LXXXVI. Deep in Love. This very curious song was obtained by the late Rev. S. M. Walker, of Saint Enoder, Cornwall, from an old man in his parish. Miss Octavia L. Hoare sent it me as preserved by Mr. Walker. We have obtained the same song from Mary Sacherley, aged 75, perfectly illiterate, at Huckaby Bridge, Dartmoor. Mary Sacherley is daughter of an old singing moor man, who was a cripple, on Dartmoor. She possesses the unique distinction of having a house that was built and inhabited in one day. The circumstances are these: Her husband's father had collected granite boulders to erect a cottage on a bit of land that he deemed waste, but a farmer interfered as he began to build. He accordingly had all the stones rolled down hill to a spot by the road side, heaped one on another in rude walls, rough beams thrown across, and covered with turf, and went into the house the same night. In that house his grandchildren are now living.

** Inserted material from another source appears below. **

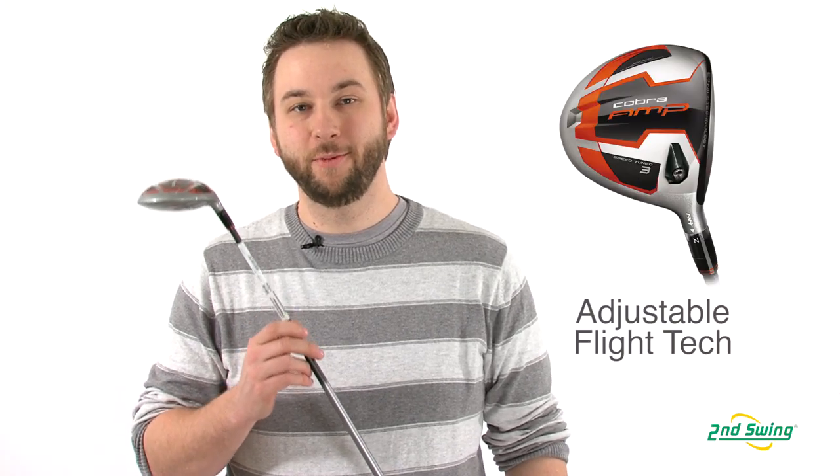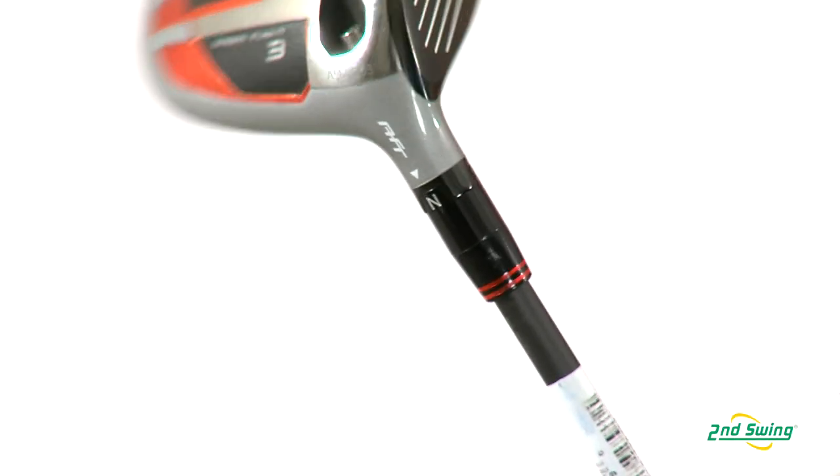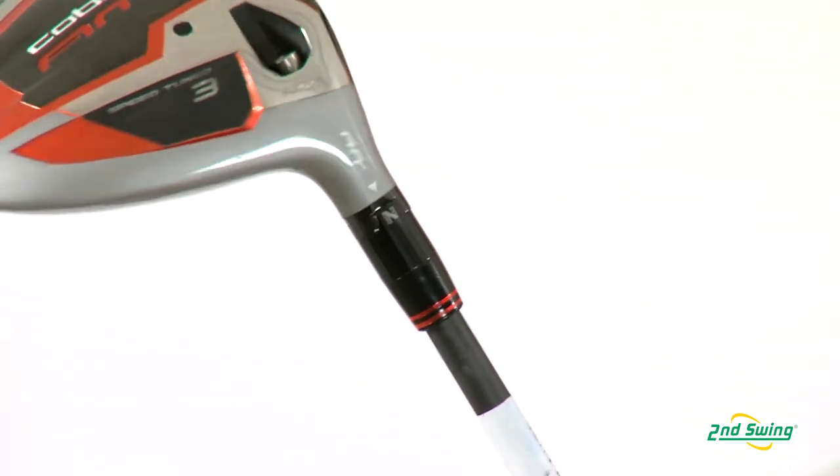Cobra's adjustable flight technology allows the golfer to adjust the club face to one of three different settings: neutral, closed, or open, ensuring that we have the right Cobra Amp Fairway to fit your swing.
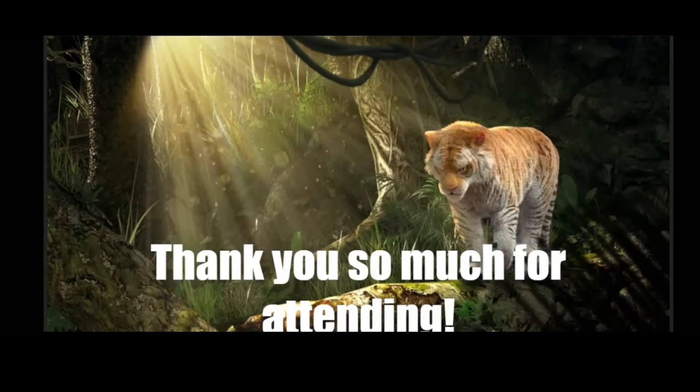One thing we were going through in class a lot was changing small things on the idea, and that's always great to do in the blocking stage as well. Before you go into any detailing — once you do the detailing, it's much harder to go back and change the overall idea.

Two of the stanzas, 3 and 5, are found in the Scotch song, " Wally, Wally, up the bank," "Orpheus Calsdonicus," 1733, No. 34; stanzas 4 and 5 in the song in "The Scott's Musical Museum," 1787 — 1803, VI., p. 582 ; Herd's "Scottish Songs," 3rd ed., 1791, I., p. 140; part of last stanza is like our conclusion. In "The Wandering Lover's Garland," circ. 1730, are two of the verses worked into an
independent ballad, showing that the original is earlier. Again taken down from W. Nichols, of Whitchurch, near Tavistock, it was a song of his grandmother's, who sixty years ago was hostess of the village inn.


DEEP IN LOVE.

1. A ship came sailing over the sea,
As deeply laden as she could be;
My sorrows fill me to the brim,
I care not if I sink or swim.

2. Ten thousand ladies in the room,
But my true love's the fairest bloom,
Of stars she is my brightest sun,
I said I would have her or none.

3. I leaned my back against an oak.
But first It bent and then it broke;
Untrusty as I found that tree.
So did my love prove false to me.

4. Down in a mead[ow] the other day,
As carelessly I went my way,
And plucked flowers red and blue,
I little thought what love could do.

5. I saw a Rose with ruddy blush.
And thrust my hind into the bush,
I pricked my fingers to the bone,
I would I'd left that rose alone!

6. I wish! I wish! but 'tis in vain,
I wish I had I my heart again
With silver chain and diamond locks,
I'd fasten it in a golden box.

Baring-Gould's notes are transcribed here: http://www.sbgsongs.org/userimages/Deeplove-comp.pdf In stanza 4 he had "mead" instead of "meadow." Obviously rewritten by Baring-Gould to make each stanza have an AABB rhyme- in fact he took out the line that names the song-- Deep in Love-- it should be first stanza, the third line, "But not so deep as in love I am."